Extracted entries START

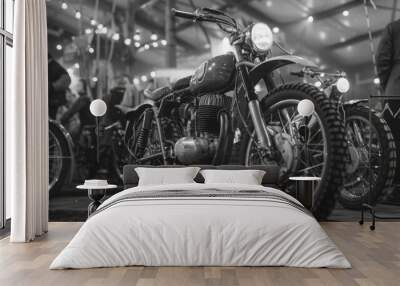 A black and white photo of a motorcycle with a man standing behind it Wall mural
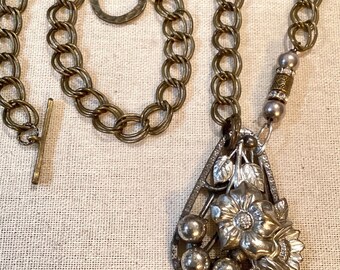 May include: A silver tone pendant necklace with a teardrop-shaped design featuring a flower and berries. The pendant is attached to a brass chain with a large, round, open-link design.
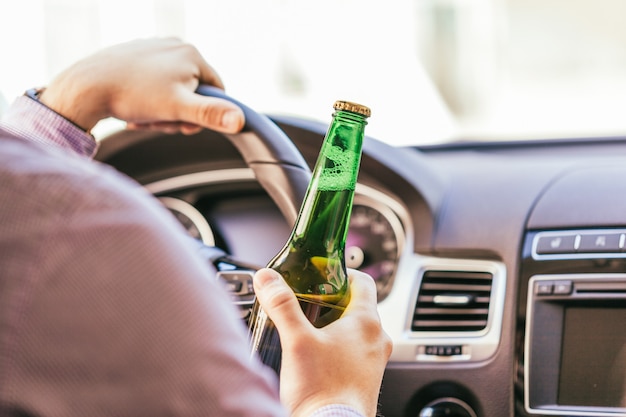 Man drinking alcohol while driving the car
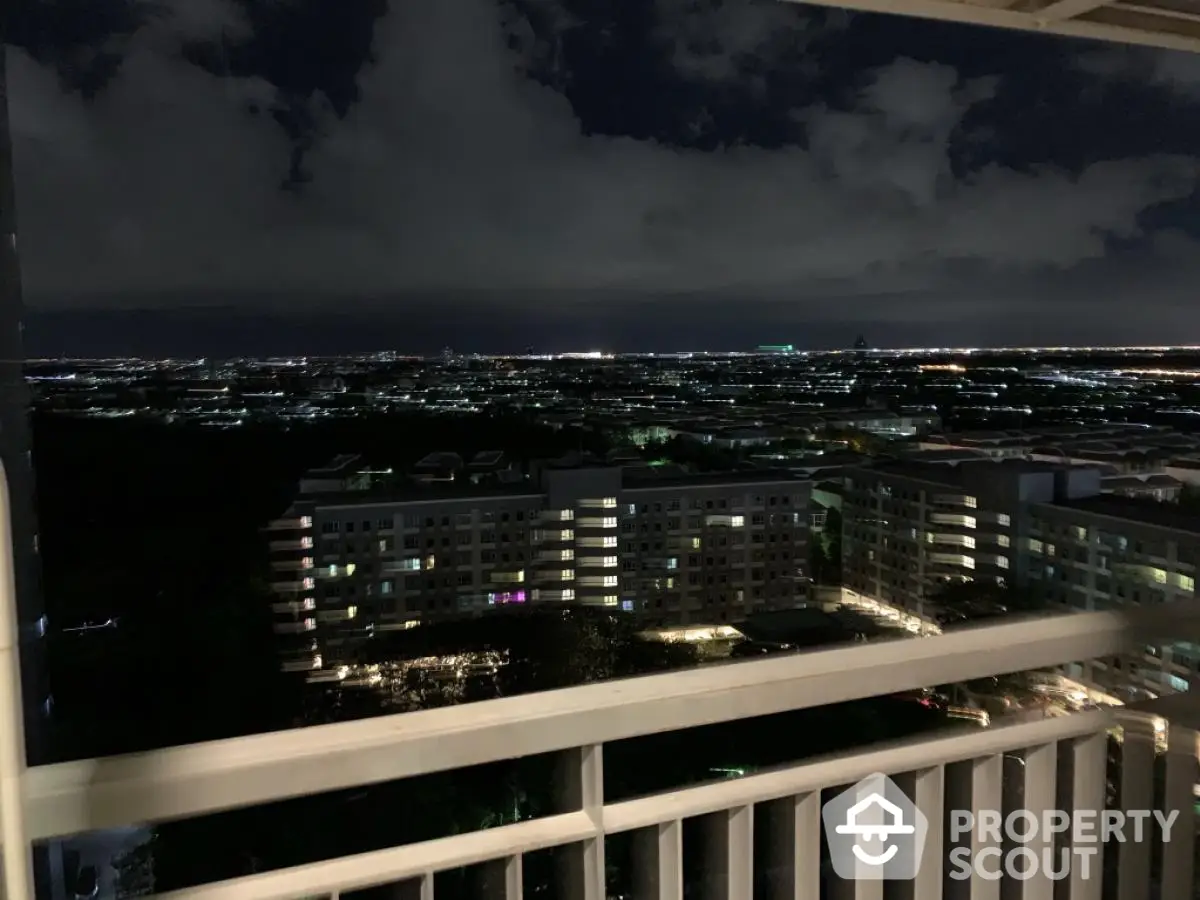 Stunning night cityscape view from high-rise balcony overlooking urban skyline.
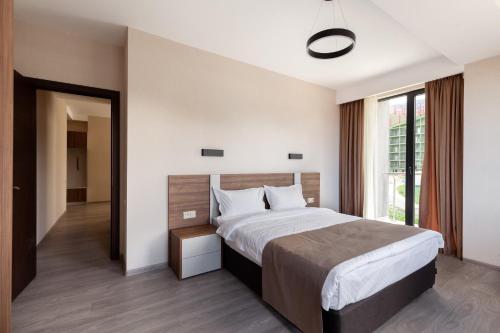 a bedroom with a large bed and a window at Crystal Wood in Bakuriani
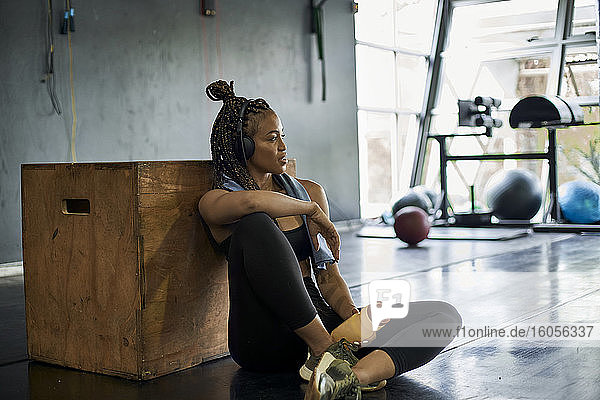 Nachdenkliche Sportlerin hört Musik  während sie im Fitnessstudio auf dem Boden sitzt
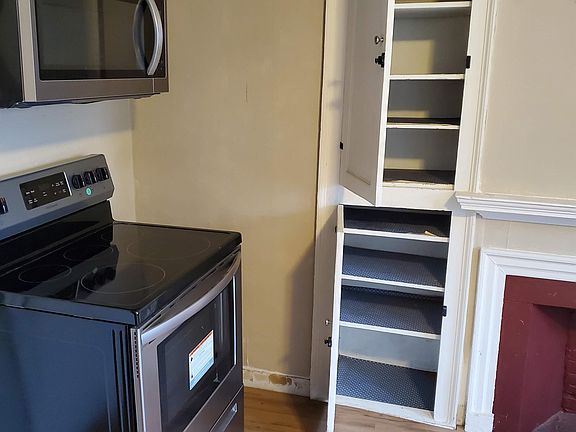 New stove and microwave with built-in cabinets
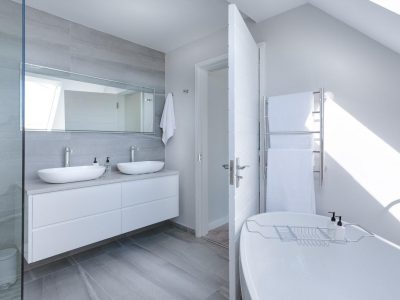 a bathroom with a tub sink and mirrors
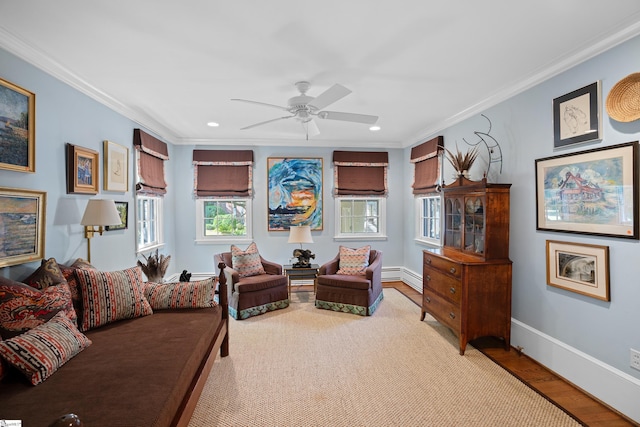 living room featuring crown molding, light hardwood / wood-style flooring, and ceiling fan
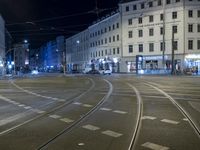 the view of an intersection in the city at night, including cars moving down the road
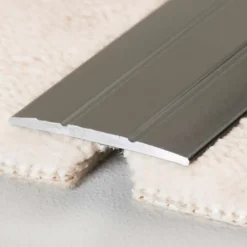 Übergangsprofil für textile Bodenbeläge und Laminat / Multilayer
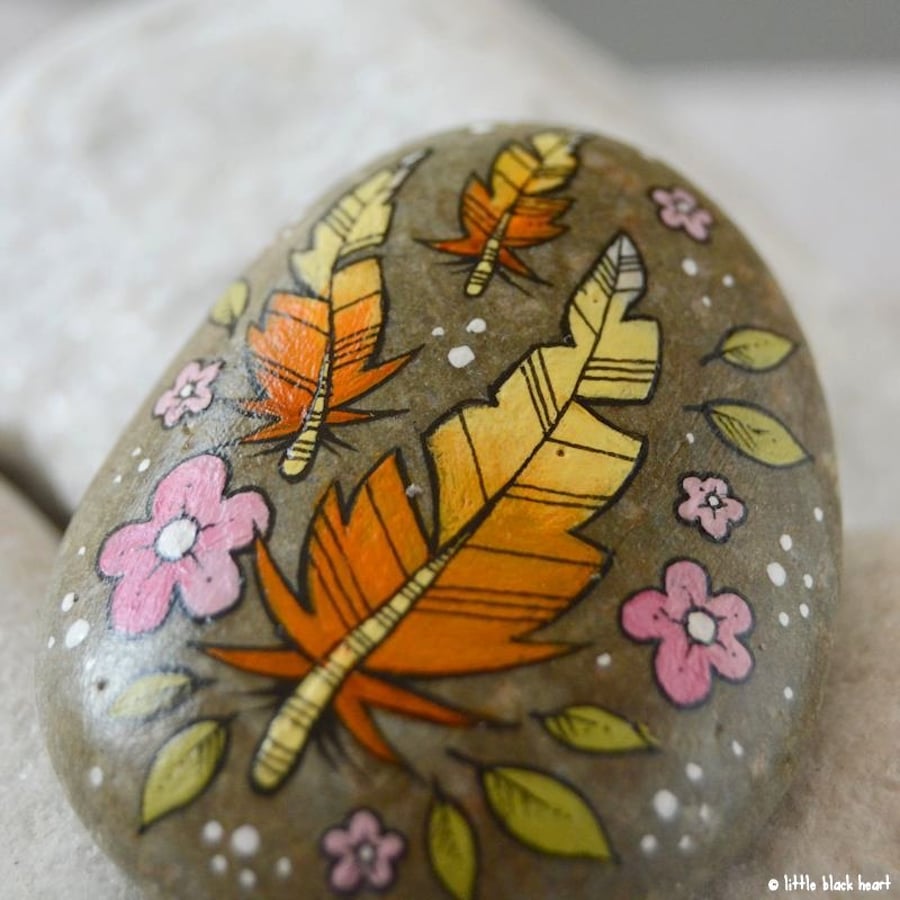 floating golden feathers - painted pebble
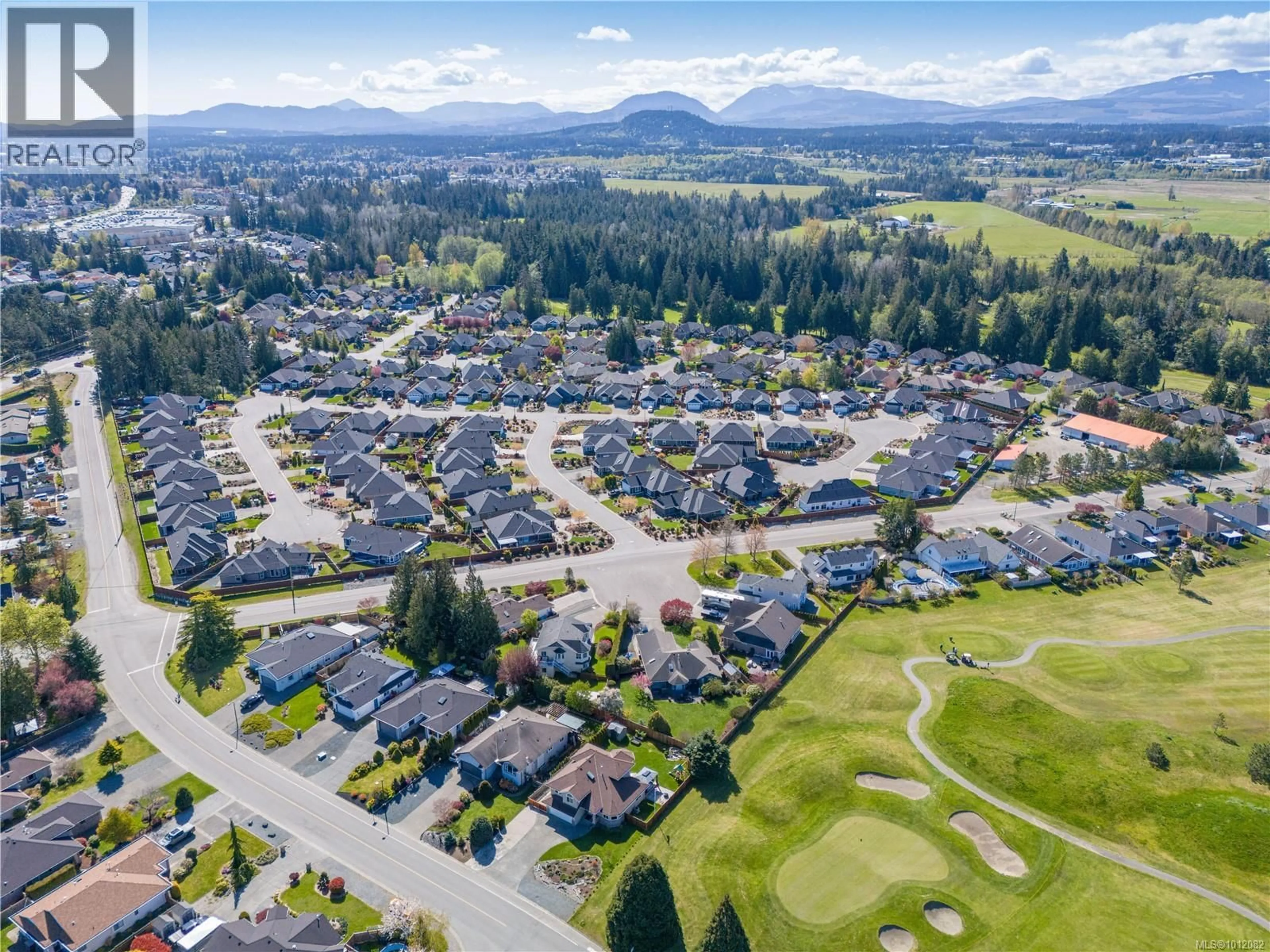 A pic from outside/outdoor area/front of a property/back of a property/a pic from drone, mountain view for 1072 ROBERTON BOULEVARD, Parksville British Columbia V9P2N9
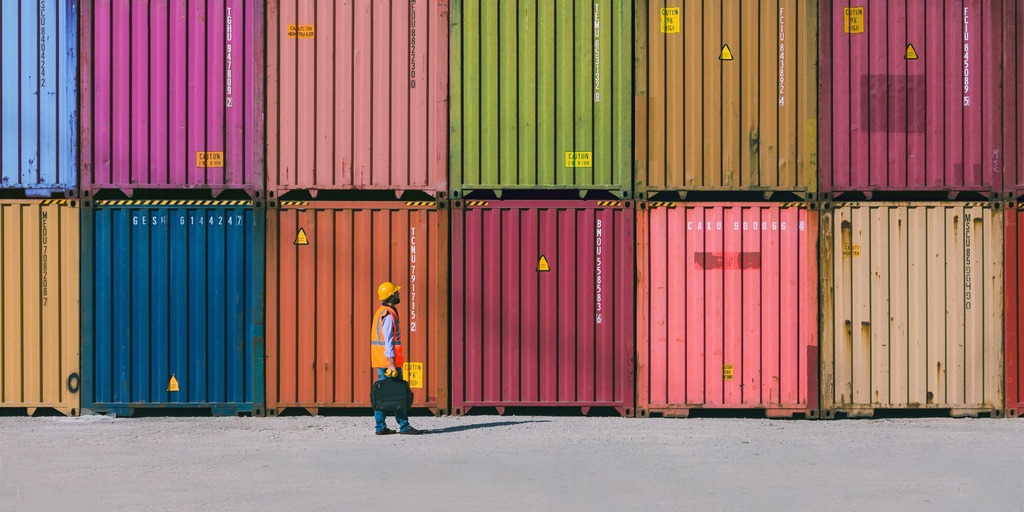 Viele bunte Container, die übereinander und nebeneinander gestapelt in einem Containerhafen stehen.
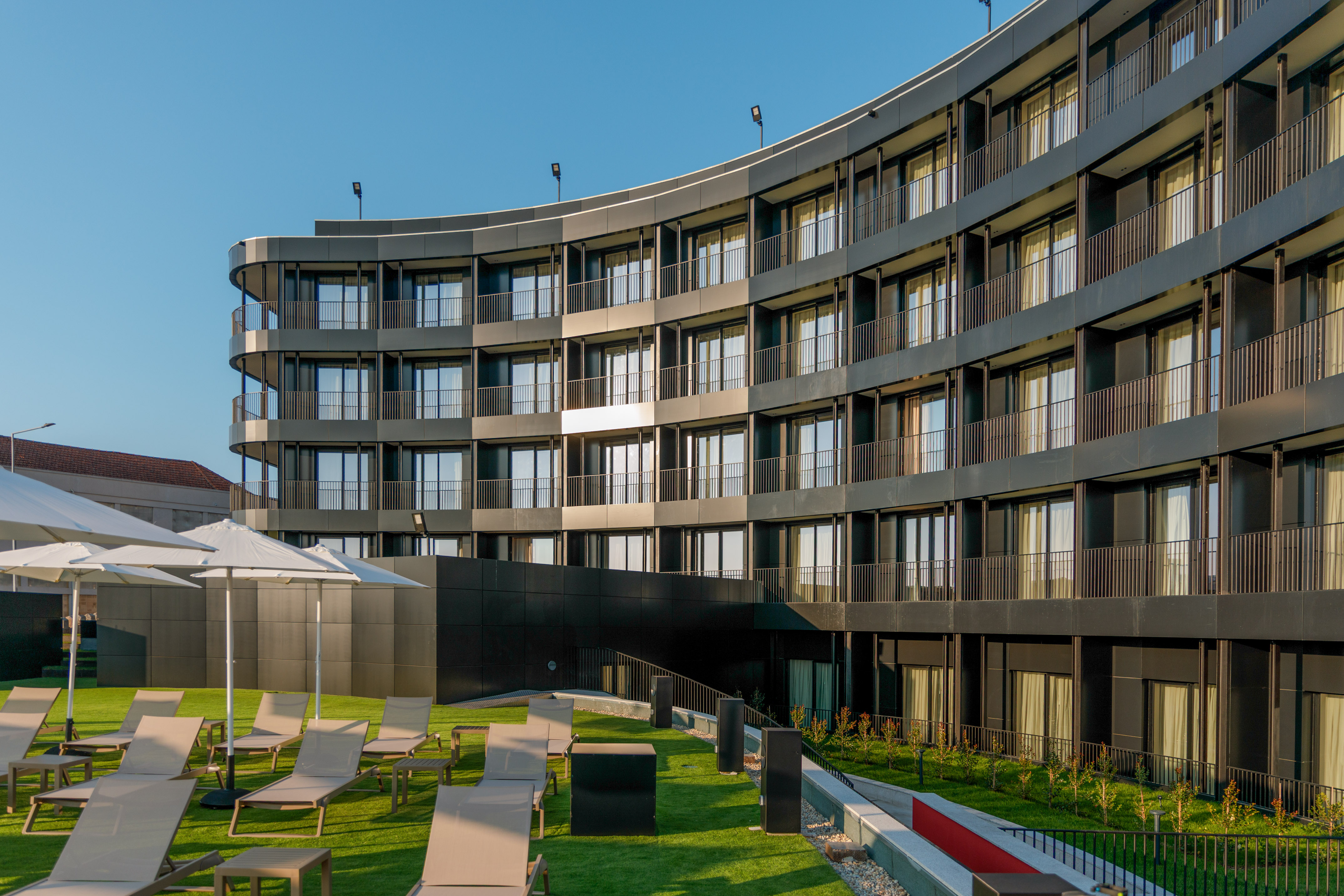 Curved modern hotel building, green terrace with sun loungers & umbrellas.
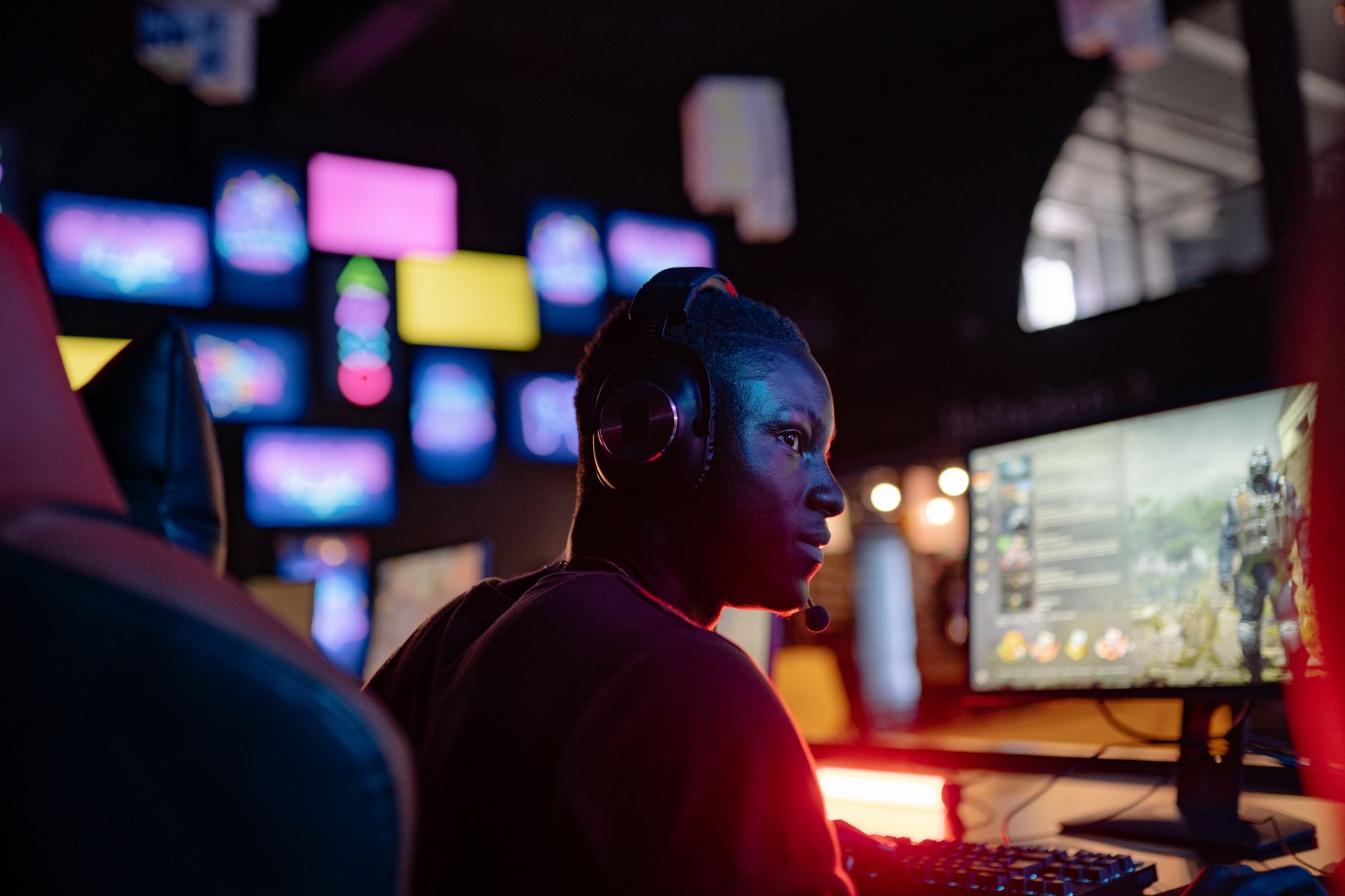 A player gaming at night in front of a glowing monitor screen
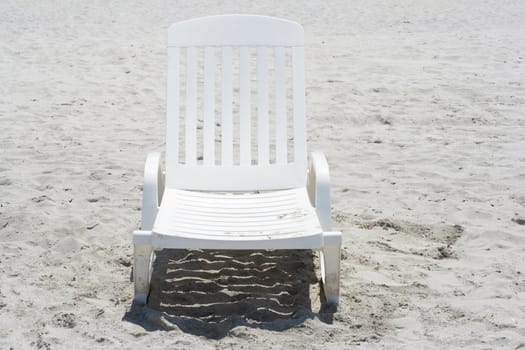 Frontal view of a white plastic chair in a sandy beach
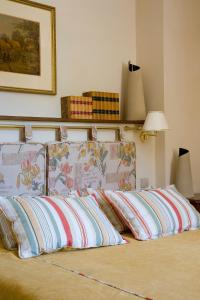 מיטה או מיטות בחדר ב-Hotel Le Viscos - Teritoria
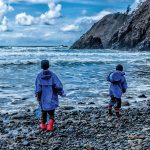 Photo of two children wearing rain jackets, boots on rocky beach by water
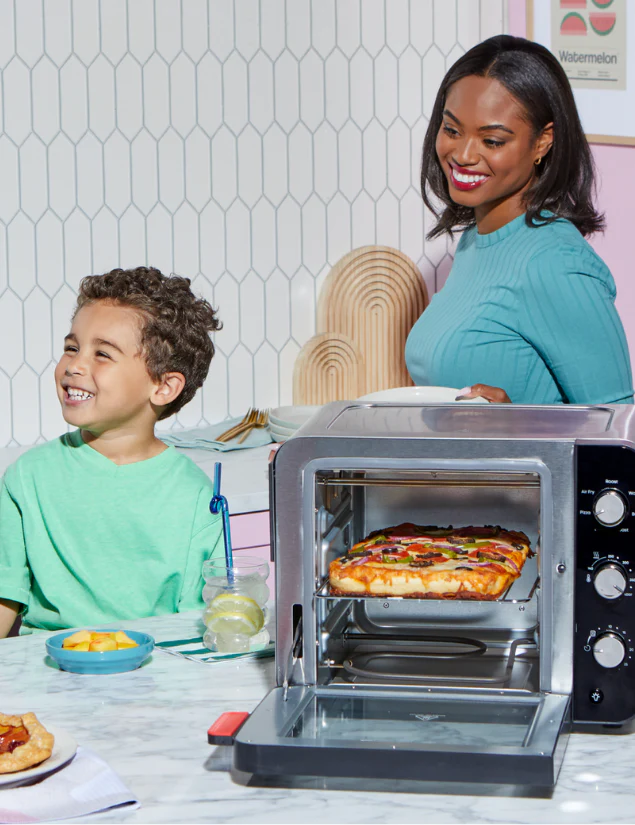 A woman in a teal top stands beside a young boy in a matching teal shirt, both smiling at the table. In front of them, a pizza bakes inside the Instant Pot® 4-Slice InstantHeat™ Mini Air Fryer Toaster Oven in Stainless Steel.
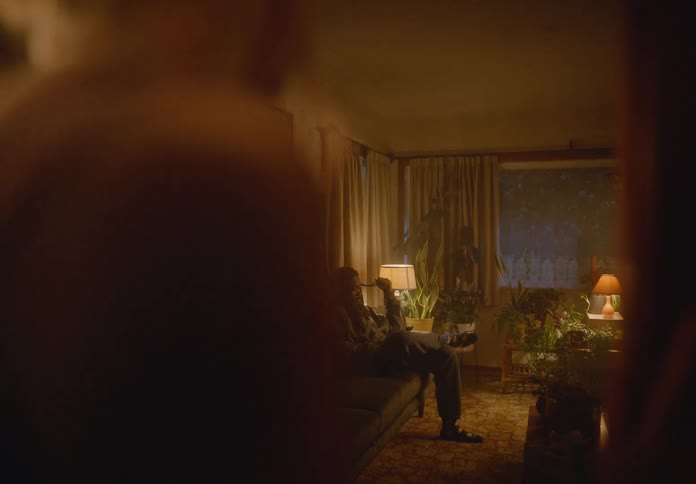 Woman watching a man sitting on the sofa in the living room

Extracted entries END

• _What is expected_
Repeat exactly the lines above, beginning at the one containing "New stove and" and ending at the one containing "the view of". Do not carry over any pictures.

• _Result for this exercise_
 New stove and microwave with built-in cabinets
 a bathroom with a tub sink and mirrors
 living room featuring crown molding, light hardwood / wood-style flooring, and ceiling fan
 the view of an intersection in the city at night, including cars moving down the road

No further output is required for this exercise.